RAMSEY: You take it from there. But don't kid yourself -- he was a thing. They got Ali Tharpe to play the goon. Nice fella, quiet, always grinning, modest, good actor. Last guy in the world you'd expect to play a monster.

Oh, yeah, sure, Karloff did the Frankenstein thing and he's the mildest mannered guy in the world. I remember him on the \"Son of Frankenstein\" set years ago in his monster suit, all gray and green, showin' pictures of his new baby to people. [laughing] I had to laugh. Well, I - I guess monsters are human sometimes, huh? And maybe humans are... yeah.

Well, all right. I spend three hours listening to Mr. Dody run off at the mouth with the whole company having the screaming meemies over all this nonsense. It's five minutes to twelve when he finally decides to quit and everybody goes home. They're all burned at Dody, but, yeah, they'll wake up in the morning and remember the overtime and they'll feel better. Me? Writers don't get overtime. So I get back to the writers' court and the light's burning in the window and Mary Lou's snoring away with her face in a stack of carbon paper. She wakes up and asks me a question.

MARY LOU: How many monsters now?

RAMSEY: We got four now - I'd say. Including me.

(MUSIC ... AN ACCENT)

RAMSEY: So, the next morning it's not raining any more. The sun is shining bright and you can see snow on top of the mountains and it's a very nice day. And monsters are pretty hazy in my mind as I pick up my copy of the Reporter and head for the rickety stairway to my - palatial office. I'll tell you how much good the sunshine did me. I was whistling as I climbed up the stairs and opened the door.

SOUND: (Door OPENS.)

MARY LOU: You might as well turn off the whistle. Mr. Dody's looking for you.

RAMSEY: Now what?

MARY LOU: He says it's very important.

RAMSEY: Yeah, two more monsters.

MARY LOU: Your coffee's on the desk.

RAMSEY: Steaming cold, no doubt.

MARY LOU: I've just brought it up! Gimme fifteen cents.

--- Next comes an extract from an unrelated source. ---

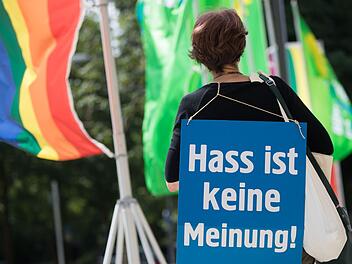 Protest gegen Hassnachrichten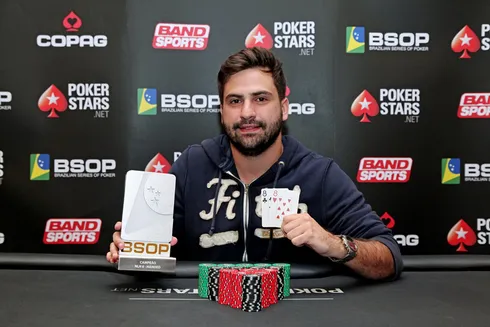 Laucidio Coelho – Campeao 6 Max BSOP100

RAMSEY: Ahhh, it's your turn to buy this morning.

MARY LOU: I bought yesterday!

RAMSEY: All right, all right.

SOUND: (Phone RINGS.)

RAMSEY: [ironic] Hello! No, he isn't here yet!

SOUND: (Phone RINGS.)

RAMSEY: [with disgust] Ah! Go ahead.

SOUND: (Mary Lou PICKS UP phone.)

MARY LOU: Mr. Ramsey's office. Yes, Mr. Dody.

RAMSEY: Morning, Mr. Dody. How are ya? Oh? No kiddin'? Why, that's fi-- What? Oh, of course. [quietly, to Mary Lou] Yak, yak, yak, yak. [to Dody] Yeah, sure.

MARY LOU: [whispers] What's up?

RAMSEY: Why, sure, Mr. Dody. Yes, sir! I'll be right over.

SOUND: (HANGS UP phone.)

MARY LOU: What?

RAMSEY: He has to finish the picture definitely by twelve midnight, December 31st.

MARY LOU: Oh, that's what you said last night.

RAMSEY: Well, I was kiddin'. You know how it goes in the story?

MARY LOU: I forgot.

RAMSEY: Well, I mean, the way it was originally, you know? This - this monster only has power the last hour of the year?

MARY LOU: Oh, yes.

RAMSEY: Remember, it was a New Year's party, the whole picture?

MARY LOU: It's been so long ago, I forgot how we started.

RAMSEY: Well, don't you remember our big payoff scene? She thinks the monster is her wicked uncle?

MARY LOU: Who thinks?

RAMSEY: You know, the babe with the teeth. The goon girl with the blue dress.

MARY LOU: Oh, yes.

RAMSEY: Remember, she - she thinks the monster is her uncle and she tries to rip his mask off and it ain't a mask?

MARY LOU: Somethin' like that.

RAMSEY: And the house is on fire and he grabs her and runs inside the house and our hero busts in after her and rescues her? Some way I never had a chance to figure out--

MARY LOU: How would he do it without his glasses? He'd fall over the stoop.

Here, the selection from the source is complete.